Does Zinc Increase Testosterone?
Yes — zinc is directly involved in testosterone synthesis, and zinc deficiency reliably reduces testosterone levels. Supplementing zinc in deficient men reliably restores testosterone. However, supplementing zinc when you're already zinc-sufficient does not boost testosterone above normal levels. The key question isn't whether zinc works — it's whether you're deficient, and many men are.
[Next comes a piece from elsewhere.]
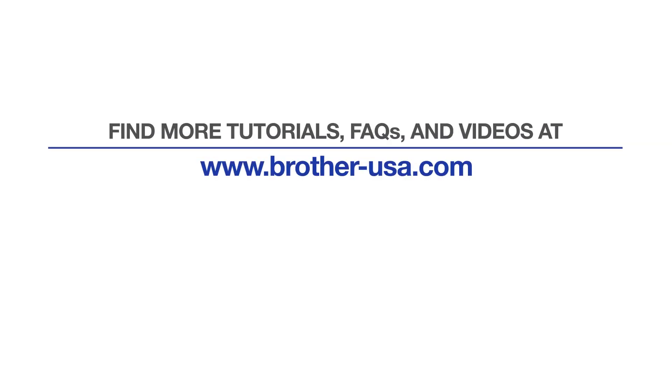For more tutorials, FAQs, and videos, visit us at www.brother-usa.com. If you found this video helpful, be sure to subscribe. Thank you for choosing Brother.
Why zinc matters for testosterone
Zinc is required at multiple points in the testosterone production pathway. It's necessary for the function of enzymes involved in steroid hormone synthesis, plays a structural role in the androgen receptor (the receptor testosterone binds to in target tissues), supports Leydig cell function in the testes (where testosterone is produced), is involved in the conversion of androstenedione to testosterone, and helps regulate GnRH (gonadotropin-releasing hormone) from the hypothalamus, which triggers the LH signal that drives testosterone production.
Without adequate zinc, these processes slow down — and testosterone production drops accordingly.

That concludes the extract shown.